The Ski Inn provides food and refreshments, though hours can be unpredictable. The smell from the Salton Sea can be intense, particularly when winds kick up. Some visitors find it overwhelming; others hardly notice after the first few minutes.


Most importantly, approach Bombay Beach with curiosity and openness rather than disaster tourism. This isn't an abandoned theme park or a post-apocalyptic movie set. It's a place where people live, work, create, and persist against considerable odds. The art installations are part of an ongoing conversation about how we live on this planet, what we leave behind, and what beauty we can create even in the most unlikely circumstances.


The Future

The future of both the Salton Sea and Bombay Beach remains uncertain.

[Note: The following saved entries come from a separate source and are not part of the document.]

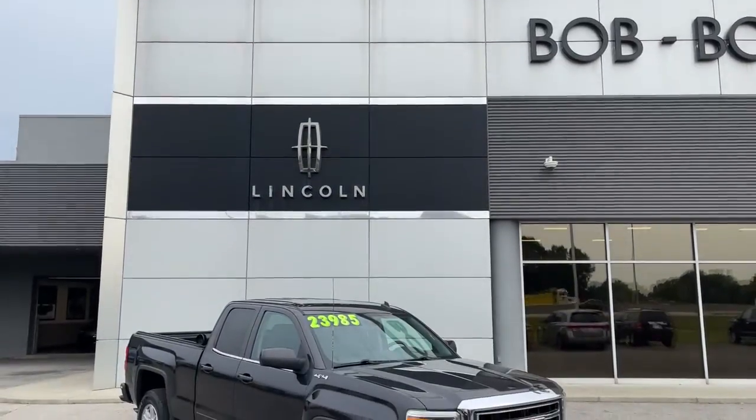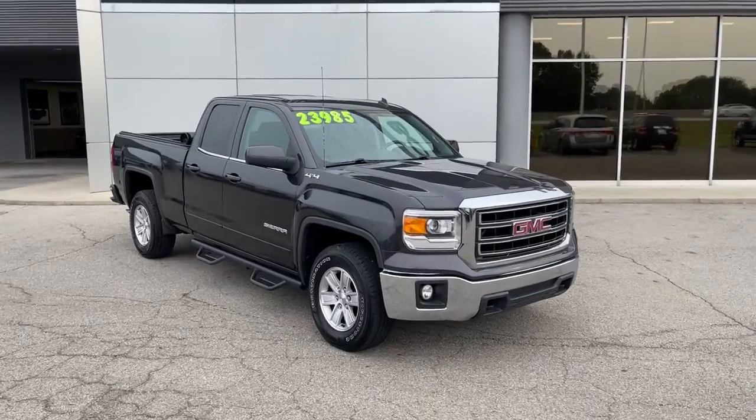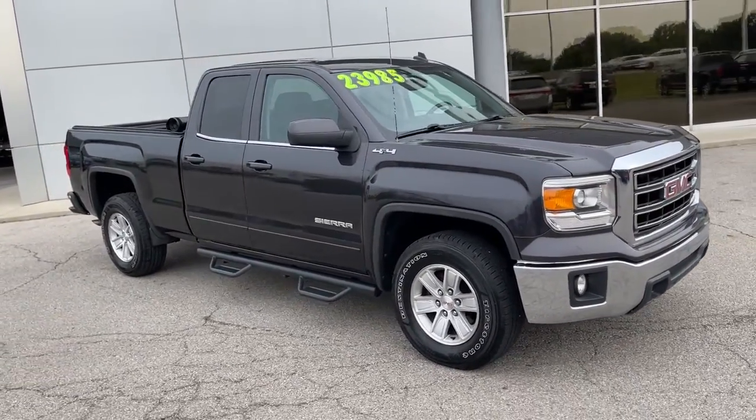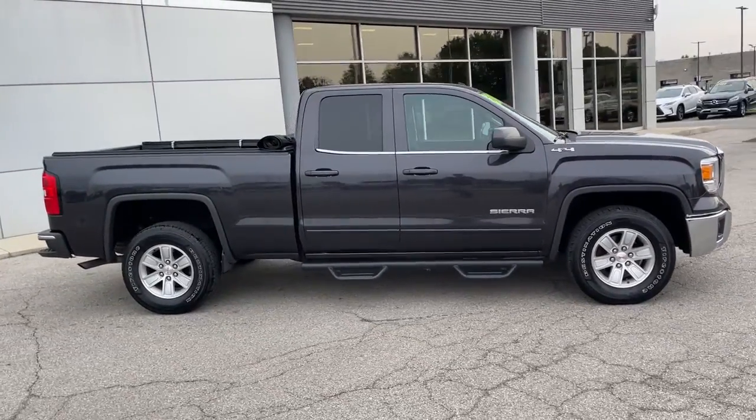Get a feel for the 2014 GMC Sierra. With less than 150,000 miles on the odometer, this vehicle provides excellent value. Make the most of every drive when you travel in modern style and comfort.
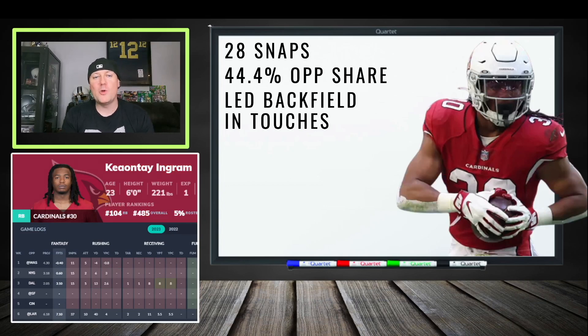Finally, Keontay Ingram — we covered the Cardinals backfield extensively last week. This is not a fun backfield to roster. Ingram had a lot of snaps in the first half but the Cardinals fell behind and used DeMarcado more in the passing game. Ingram still had a 44.4% opportunity share and led the backfield in touches, making him the likely RB1 going forward. If you need touches and are desperate, he's another running back to consider.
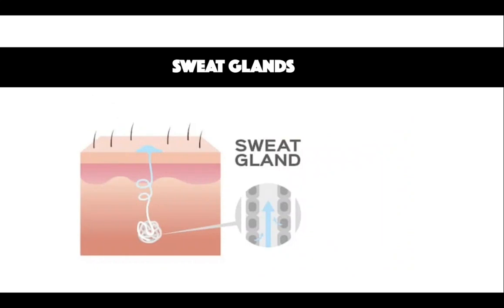Sweat glands are eccrine glands which produce a watery fluid known as sweat. They are mostly located in the axillae, otherwise known as the underarms, as well as the palms and soles. There is a dermal coil secretory component as well as a straight distal duct linking to the epidermis. The hypothalamus thermoregulatory centre regulates sweat production. Sweat causes heat loss through water evaporation, which cools the body down.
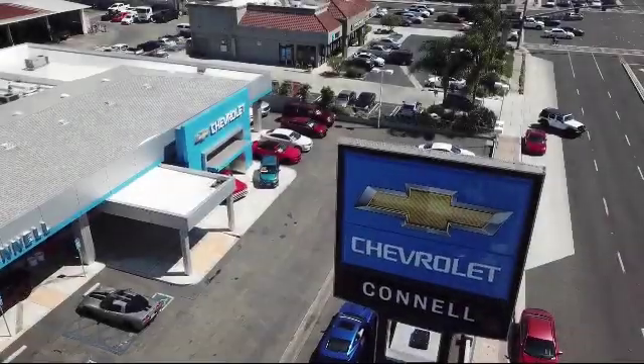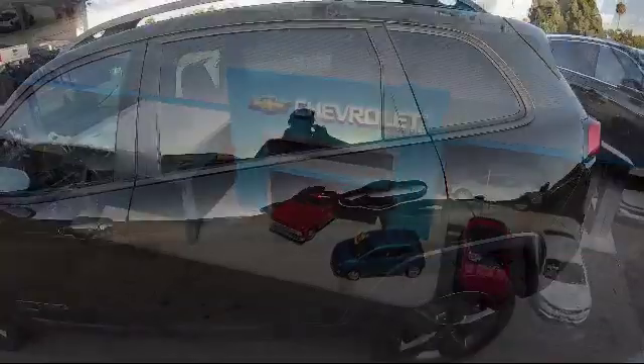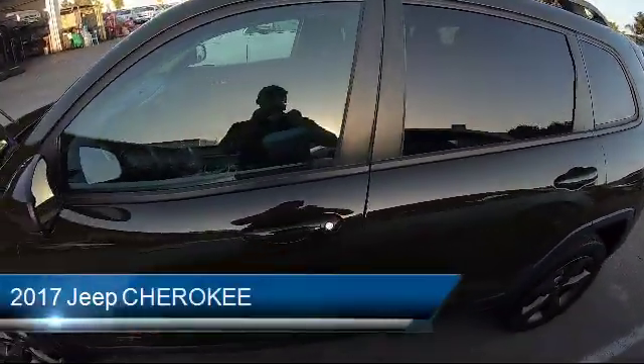Welcome to Connell Chevrolet, your premier destination for purchasing a vehicle. Here's a look at another one of our great vehicles from our extensive inventory.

Efforts to restore the lake have been slow, complicated by competing interests, limited funding, and the sheer scale of the problem. Some scientists believe the sea is past the point of no return, destined to become a toxic dust bowl. Others see potential in plans to import water, manage salinity, or transform portions of the lakebed into habitat for birds and renewable energy production.

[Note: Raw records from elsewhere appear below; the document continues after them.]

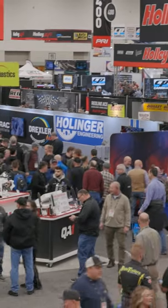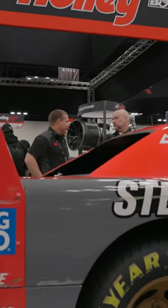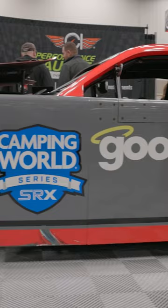Hi, I'm Kevin Ridley. Today we're here at PRI. We're in the Holley booth right now. We have three SRX cars here, and today we're just showcasing our cars with the Holley EFI performance package on them.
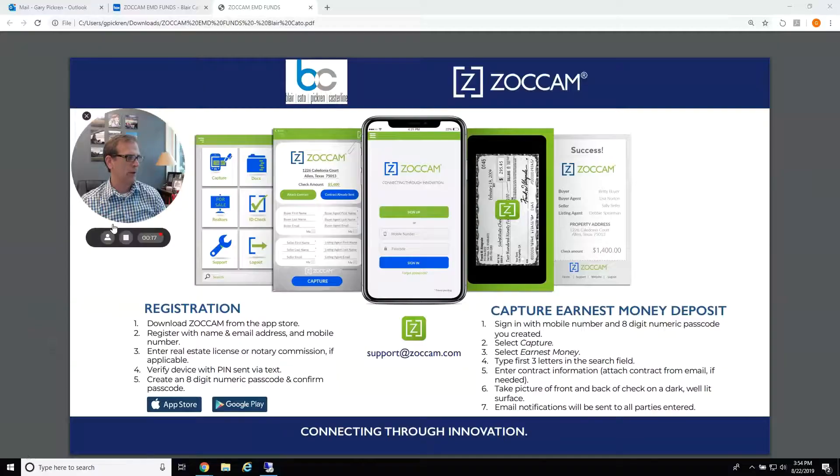We solved that for you here at Blair Cato — we'll grab your screen. We have an app called Zocom. It's very simple and easy to use. All you have to do is go to the app store on your phone and download Zocom.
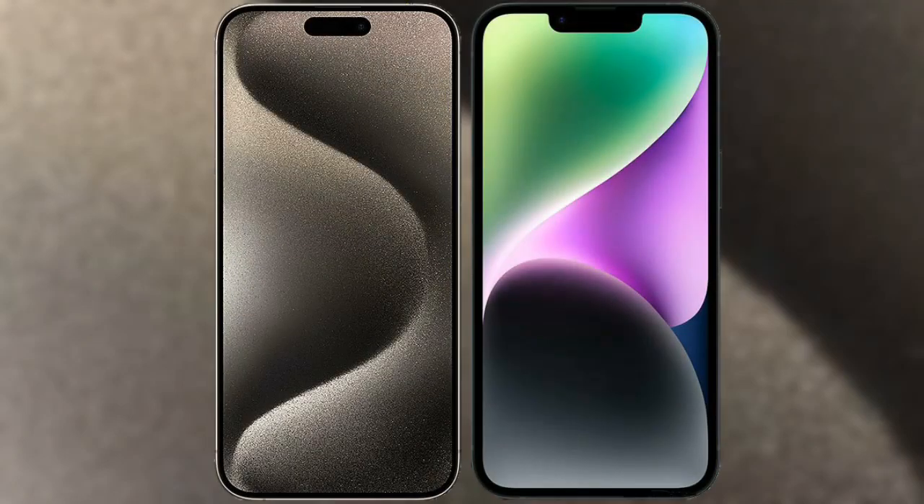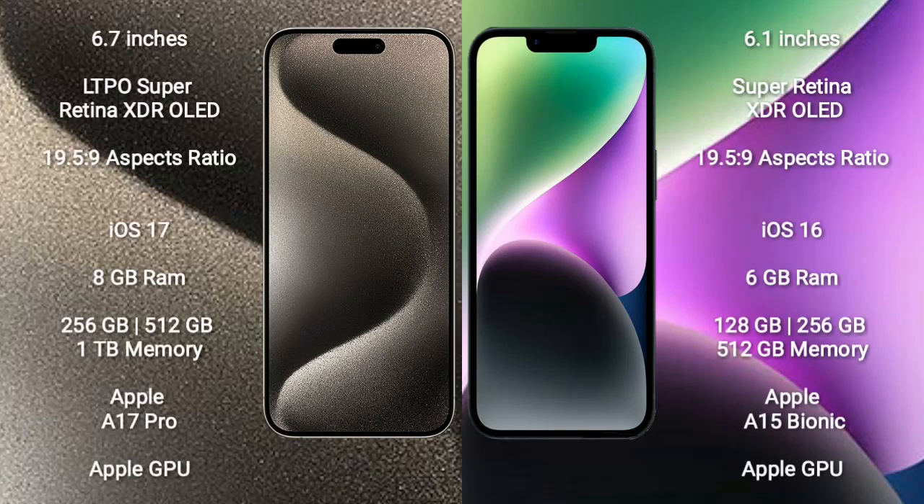I will compare the new iPhone 15 Pro Max with iPhone 14. iPhone 15 Pro Max comes with a 6.7-inch LTPO Super Retina XDR OLED display. iPhone 14 comes with a 6.1-inch Super Retina XDR OLED display. Both use the A-series chip architecture.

The proposed lithium extraction from geothermal brines near the Salton Sea could bring a new industrial boom to the region, with all the economic opportunities and environmental complications that entail. The "White Gold" theme of the 2024 Biennale acknowledged this potential future, raising questions about whether the area is doomed to repeat the boom-and-bust cycle that created and destroyed the original resort economy.


What seems certain is that artists will continue to be drawn to Bombay Beach. The town has proven that even in the harshest conditions, at the edge of ecological disaster, in a place that many have written off as dead, creative communities can take root and flourish. The installations continue to multiply. New artists arrive each season. The Biennale evolves. The Institute hosts more events.


Bombay Beach stands as a testament to both human folly and human resilience. It shows us what happens when we try to build paradise in impossible places, and what can emerge when we refuse to look away from the ruins we've created. In its art, its community, and its stubborn persistence, Bombay Beach asks us to sit with contradiction: beauty and decay, hope and despair, creation and entropy, all existing simultaneously under the relentless desert sun.


As Midabi's sculpture declares on the shore of the dying sea: "The Only Other Thing Is Nothing." In Bombay Beach, that nothingness has been transformed into something strange, challenging, and ultimately, meaningful.